The Swiss company is cutting its brand portfolio from 70 to less than 10 - and as a result took a 129 million euro ($149 million) one-off non-cash charge to net profit.
Adecco -- which operates globally under names including Adia, Badenoch & Clark, Lee Hecht Harrison, Modis, and Yoss -- wants to consolidate its brands to make the most of digital opportunities and give the brands a clearer identity, Chief Executive Alain Dehaze said.
“Imagine maintaining 70 brands in a digital world -- it is a nonsense,” Dehaze told Reuters. “It is better to focus on a fewer, more distinct brands.”
The process will be completed in the next six to eight months. It did not say which brands would go.
As a result of the write-down, Adecco’s net profit fell by 29 percent to 123 million euros ($142.8 million), missing the average estimate of 212 million in a Reuters poll.
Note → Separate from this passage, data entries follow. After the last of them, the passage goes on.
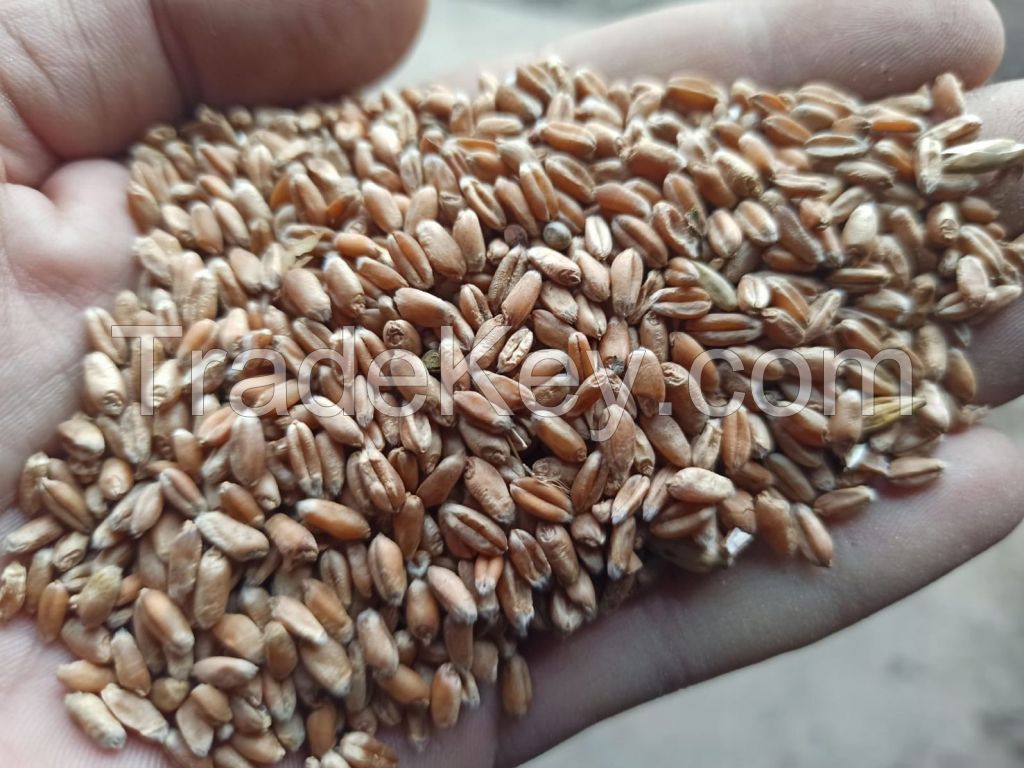 Milling wheat 11.5% Ukraine origin containers shipment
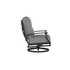 Clara Swivel Rocker with Steeple Grey Cushion and Antique Bronze Finish [Antique Bronze] fabric [Steeple Grey]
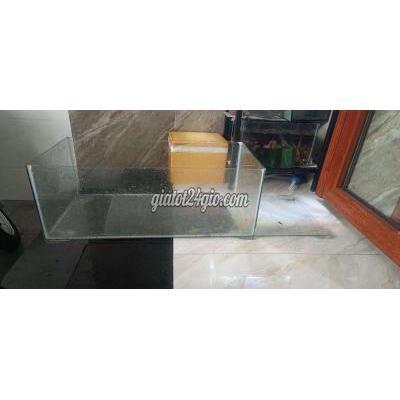 Vật Nuôi Thú Cưng Cũ Biên Hòa - Đồng Nai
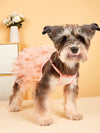 Heartfelt Pup Love: Pink Mesh Pet Cake Dress for Your Furry Friend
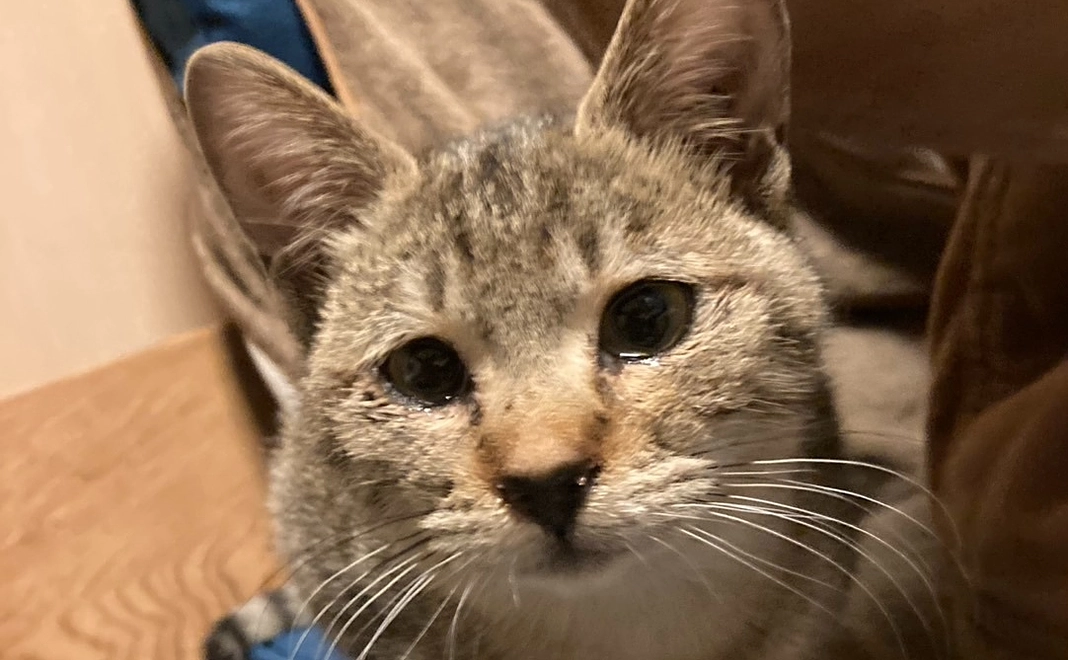 お気持ち支援│5,000円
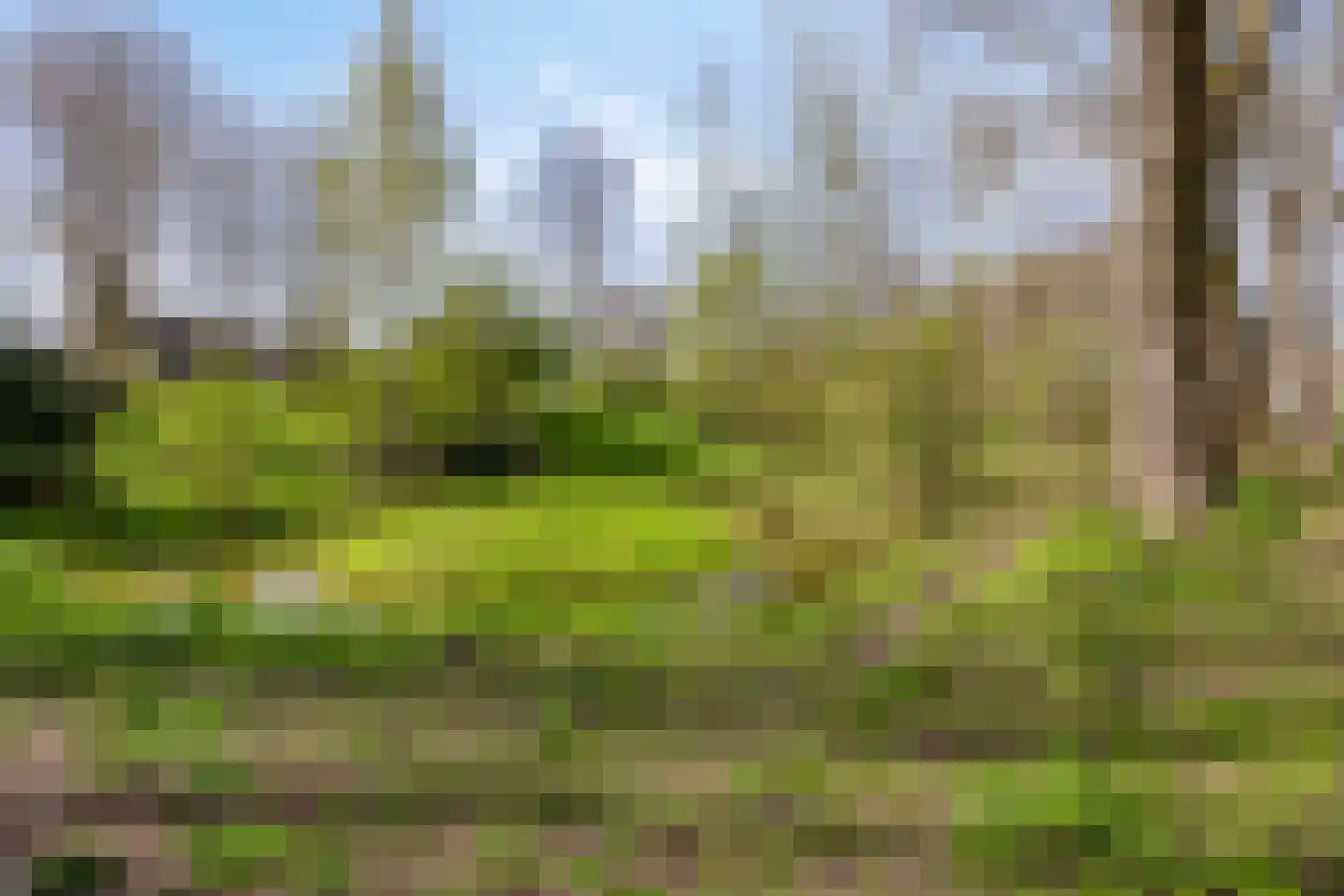 Pijlkruidvaart 14 Zoetermeer thumbnail 50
Sales for the three months ended Sept. 30 rose 2 percent to 5.9 billion euros, missing the 6.01 billion euro poll average.
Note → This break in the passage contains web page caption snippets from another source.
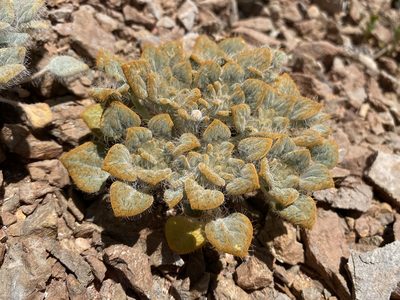 Psathyrotes pilifera, photographed by Matt Berger
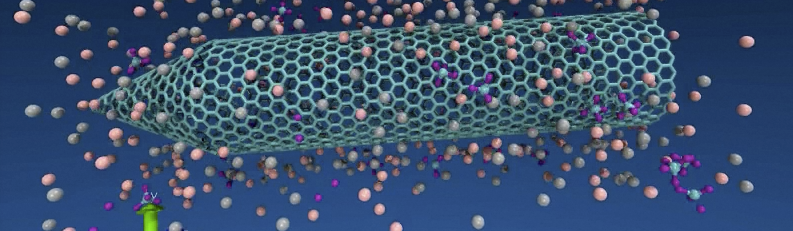 Gas multiprobe adsorption in single wall carbon nanohorn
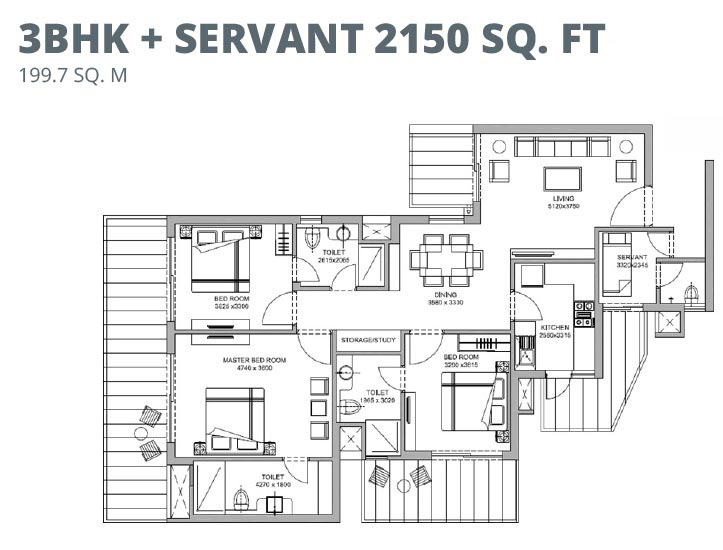 layout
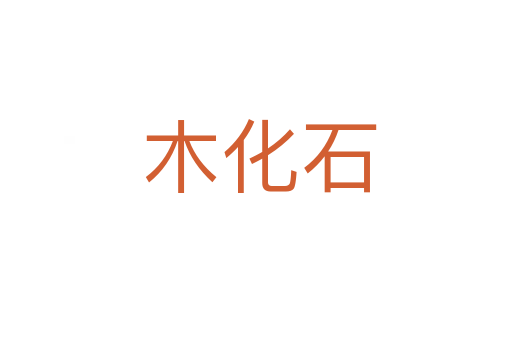 木化石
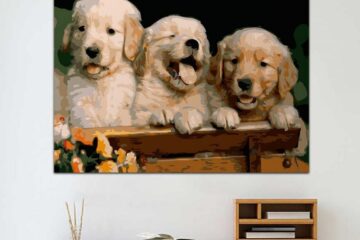 Pictorul Fericit și-a actualizat stocul de picturi pe numere - propune o activitate perfectă pentru orice vârstă!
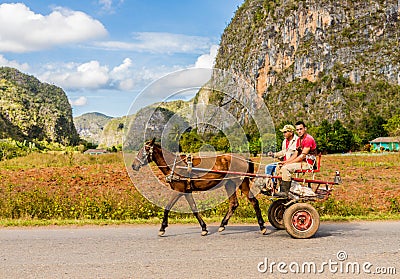 A typical view in Vinales Valley in Cuba. Editorial Stock Photo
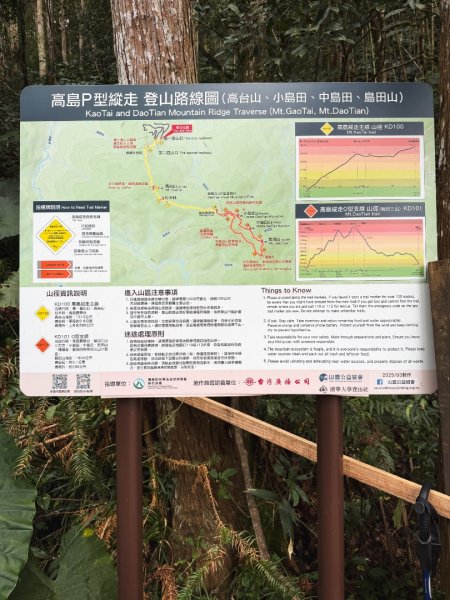 高島P型縱走-夢幻的杉林營地3012429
When currency swings and changes in working days were taken into account, revenues grew 6 percent -- the same as the previous three months -- with strong growth in France, Italy, Spain, Belgium and the Netherlands.
Analysts and investors were unimpressed, sending Adecco shares down 1.9 percent.
Baader Helvea analyst Christian Weiz called the results “surprisingly soft....despite a seemingly positive environment”.
“Margins were under pressure in the important French and North America/UK markets, while investments in strategic initiatives and impairments on intangible assets burdened the operating and consequently the net result, which clearly was below expectations,” Weiz said.
Staffing companies are a bellwether for the health of the wider economy, with employers often taking on temporary workers at the start of a recovery before switching to permanent staff.
Adecco said revenue growth accelerated to 8 percent in September.
“Definitely there will be growth (in the fourth quarter), but the question is will there be an acceleration from the third quarter?” Dehaze said. “We are entering the fourth quarter slightly above the third quarter, but we have a tough comparison.”
In the third quarter, revenue rose 6 percent in France, its largest market.
Dehaze said he saw more potential in France as President Emmanuel Macron’s labour reforms took effect, but he was gloomier about Britain, saying Brexit uncertainty was impeding recruitment among professional staff like finance professionals.